ASSIGNMENT
Extract each record and reproduce it exactly.
*** Opening PROVIDED DATA ***
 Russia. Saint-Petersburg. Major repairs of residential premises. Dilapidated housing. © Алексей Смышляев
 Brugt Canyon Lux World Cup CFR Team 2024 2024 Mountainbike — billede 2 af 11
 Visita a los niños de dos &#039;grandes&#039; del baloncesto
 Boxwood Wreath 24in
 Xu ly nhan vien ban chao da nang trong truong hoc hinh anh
*** Closing PROVIDED DATA ***
SOLUTION FOR THIS EXERCISE
 Russia. Saint-Petersburg. Major repairs of residential premises. Dilapidated housing. © Алексей Смышляев
 Brugt Canyon Lux World Cup CFR Team 2024 2024 Mountainbike — billede 2 af 11
 Visita a los niños de dos &#039;grandes&#039; del baloncesto
 Boxwood Wreath 24in
 Xu ly nhan vien ban chao da nang trong truong hoc hinh anh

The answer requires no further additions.